The US government’s National Climate Assessment for 2014 estimates that sea levels may rise between one and four feet over the next century.

A recent UN report finds the global average for sea level rise is about 3.2 millimeters a year but that the tropical western Pacific – where a large number of small islands are located – saw sea level rises of 12 millimeters per year between 1993 and 2009. That is four times the global average. 

But the environmental menace is not just higher tides, but extreme weather events as well. In 2004, Hurricane Ivan wracked the Caribbean island of Grenada, causing damage of the equivalent of its entire GDP – about $800 million – in one day.
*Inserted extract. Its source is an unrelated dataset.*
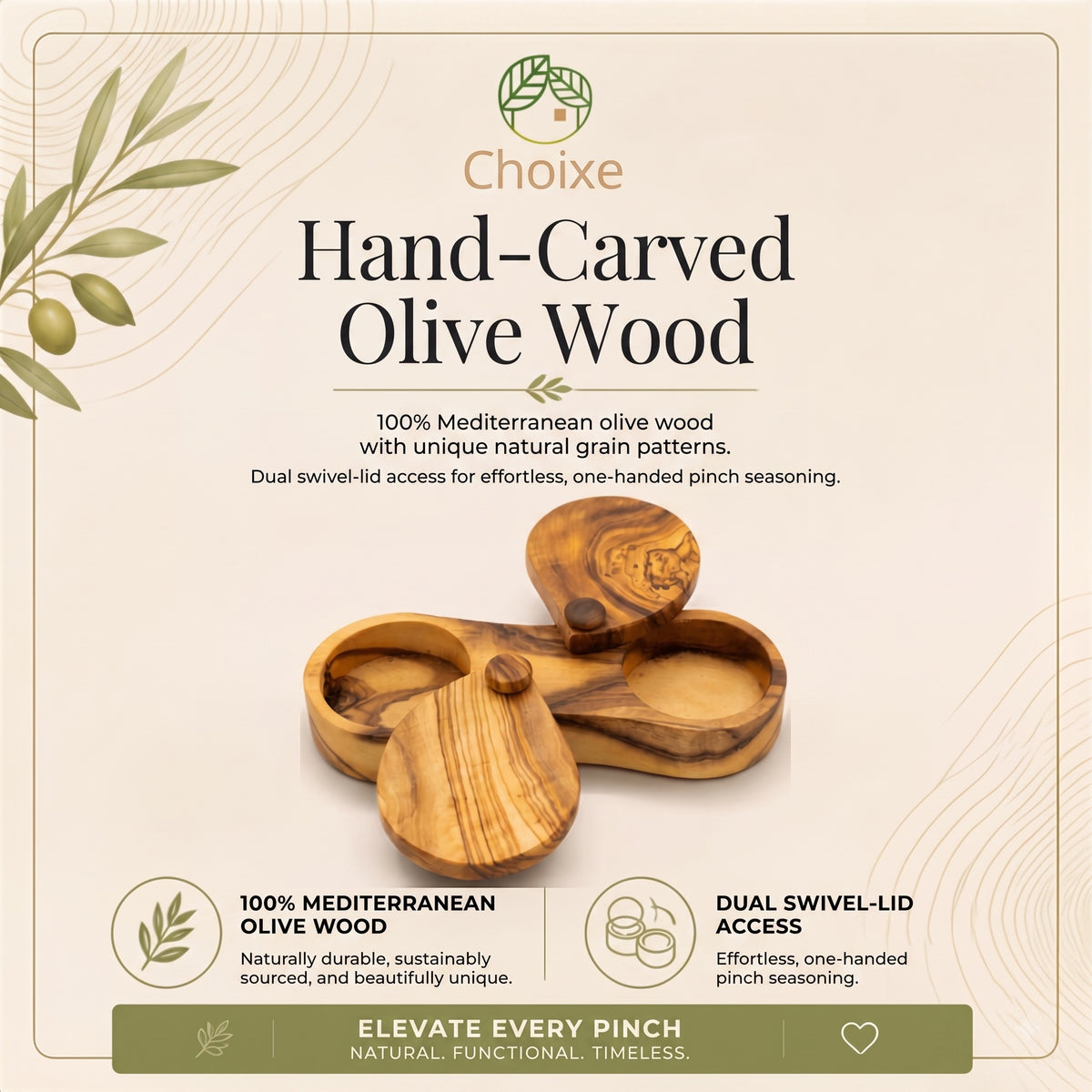Olive Wood Spice Box (view 8)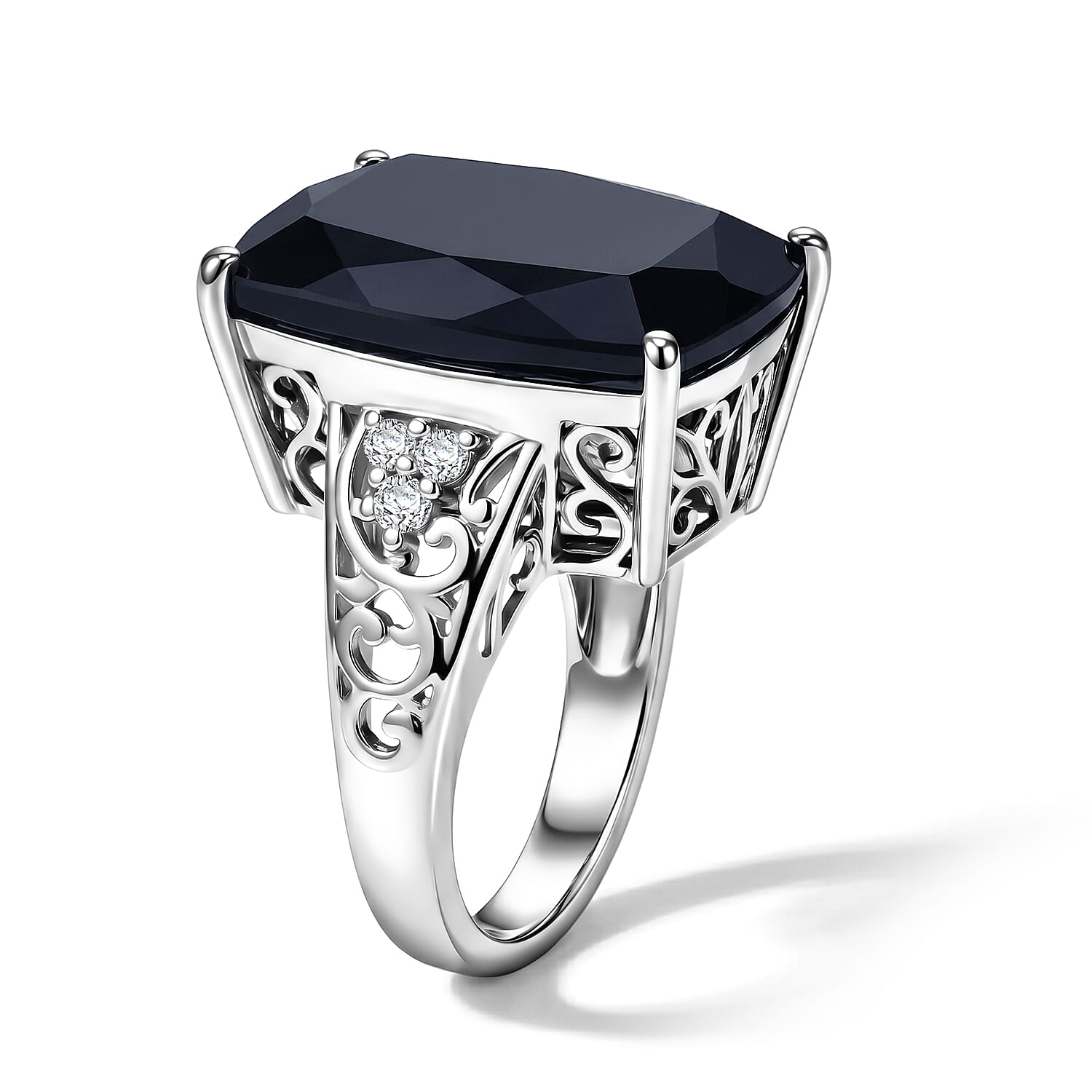 EverTrue Thai Black Spinel and White Zircon 24.30 ctw Ring in 18K YG Plated and Platinum Bond (Size 6.0)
Most island countries, from Tuvalu in the Pacific to São Tomé and Príncipe off the coast of Gabon in West Africa, are officially classified as “middle income,” disqualifying them from most global aid money.

But their leaders argue the “middle income” classification obscures an extremely precarious financial situation.

“One extreme weather event can wipe out most of our economy in an instant,” says Moafanua Tolusina Pouli, the head of forestry for the Samoan ministry of the environment. “That leaves us more vulnerable than ever.”

The Nairobi meeting featured some other puzzling environmental challenges for islands: Where, for instance, do you dump your garbage when you’re quite literally out of space? How do you keep energy costs down when you have to ship in 100 percent of your diesel fuel from across an ocean?

One study from the Secretariat of the Pacific Community reported that imported petroleum accounts for a whopping 40 percent of GDP in Pacific Ocean island states.